So Laura and I threw a heavy carpet down in our bedroom, treated the bathroom mirrors with anti-fog spray every couple days, resigned ourselves to frozen veggies for a while, and sat Anna down to set some ground rules.

“Honey,” Laura started, “we live in a… special house now. So for a while we’re going to be following some special rules. No opening the door for anyone, even if they sound like Mommy and Daddy. Bedtime will still be at 9, but if you need to leave your room after that you’ll use this walkie talkie to tell us and we’ll come get you.”

I continued. “If you ever see, hear, or smell anything weird, you’ll go to Mrs. Smith’s and call us immediately.” Mrs. Smith was the next-door neighbor we’d befriended. She had a son a year older than Anna and had offered to help us out of sympathy for our plight. “Okay?”

Anna kicked her feet against the couch, mulling this over. “Okay.”

And that was that. Until Dorian.

Dorian waltzed into our lives one morning when I cut myself shaving. I cursed and moved to wipe the stray drops of blood off the porcelain only to find them gone and crimson smoke rising from the sink.

I only had time enough to curse myself again when someone cleared their throat behind me. I turned to find a middle-aged man sitting cross-legged in our bathtub. He looked a little like our accountant, if our accountant were eight feet tall and horned.
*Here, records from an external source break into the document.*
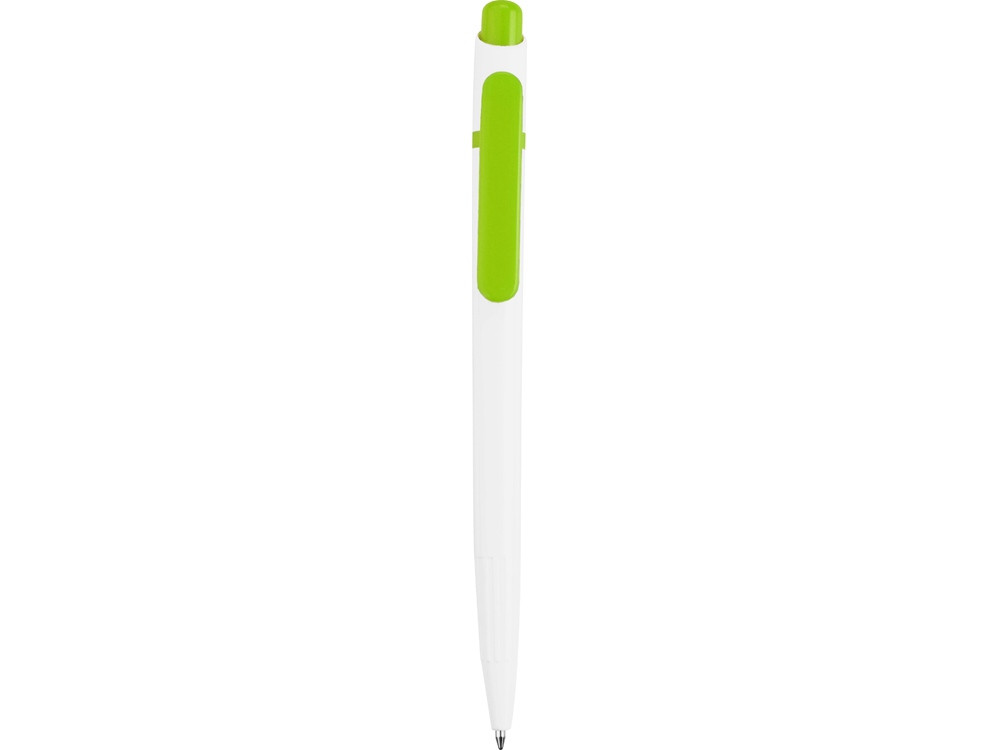 Ручка шариковая Этюд, белый/зеленое яблоко - фото 2 - id-p60491356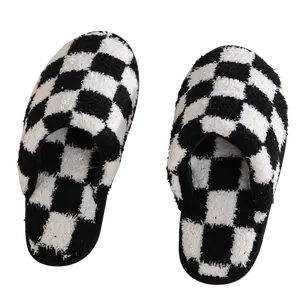 Local Beach Checker Cozy Slippers
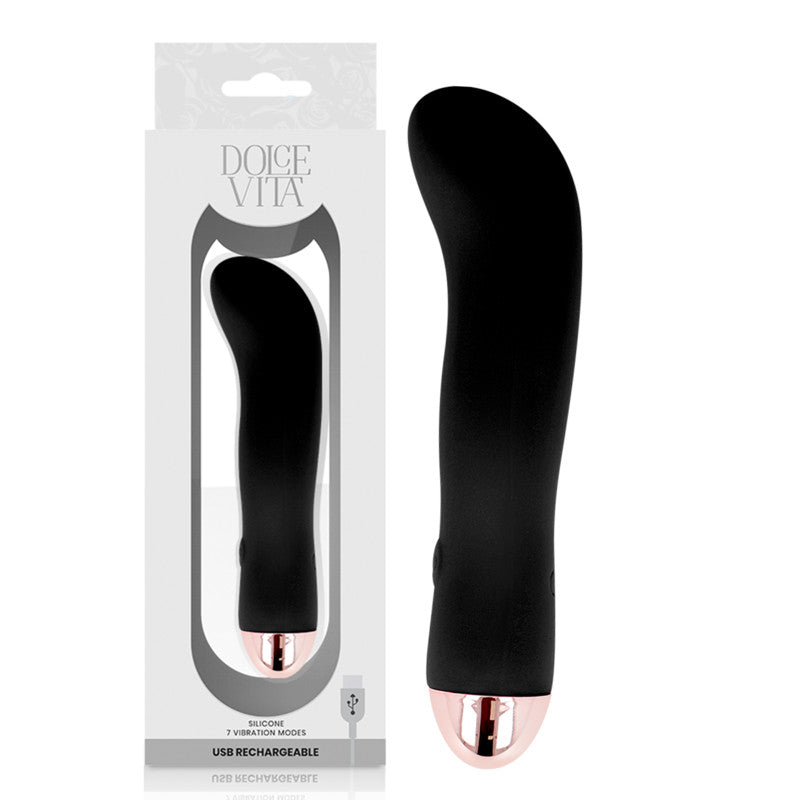 Dolce Vita – Rechargeable 7-speed Vibrator Black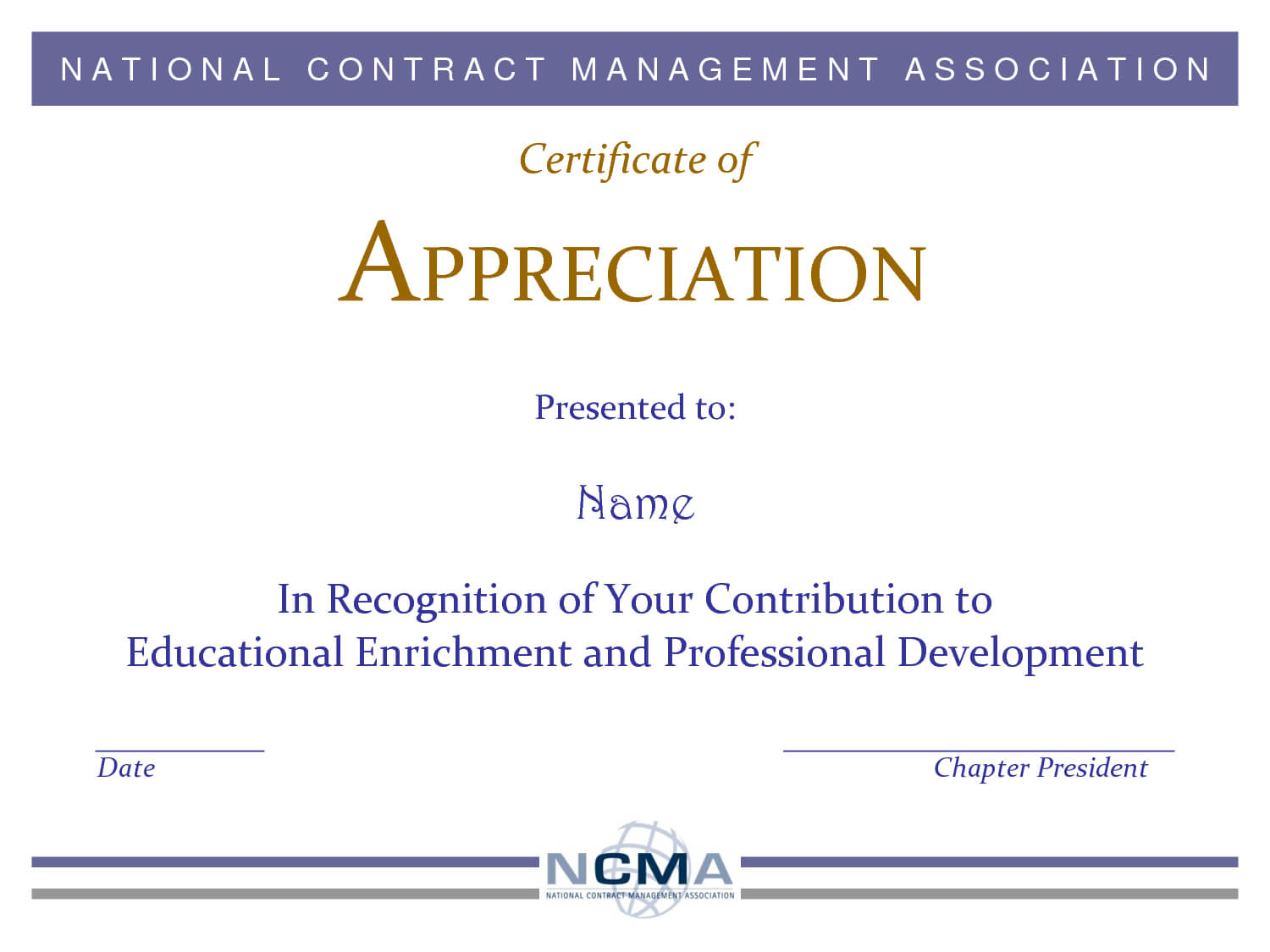 Images For Formal Certificate Of Appreciation Template Inside Formal Certificate Of Appreciation Template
I blinked. “I’m sorry, who are you?” I asked.

The demon rattled off a long list of syllables I didn’t even try to follow. He rolled his eyes. “You summoned me and you can’t even pronounce my name? You can call me Dorian.”

“Sorry,” I apologized again. I figured it was better to stay on a demon’s good side. “I summoned you?”

Dorian narrowed his eyes. “You offered up a blood sacrifice and swore against the gods, what was I supposed to think?”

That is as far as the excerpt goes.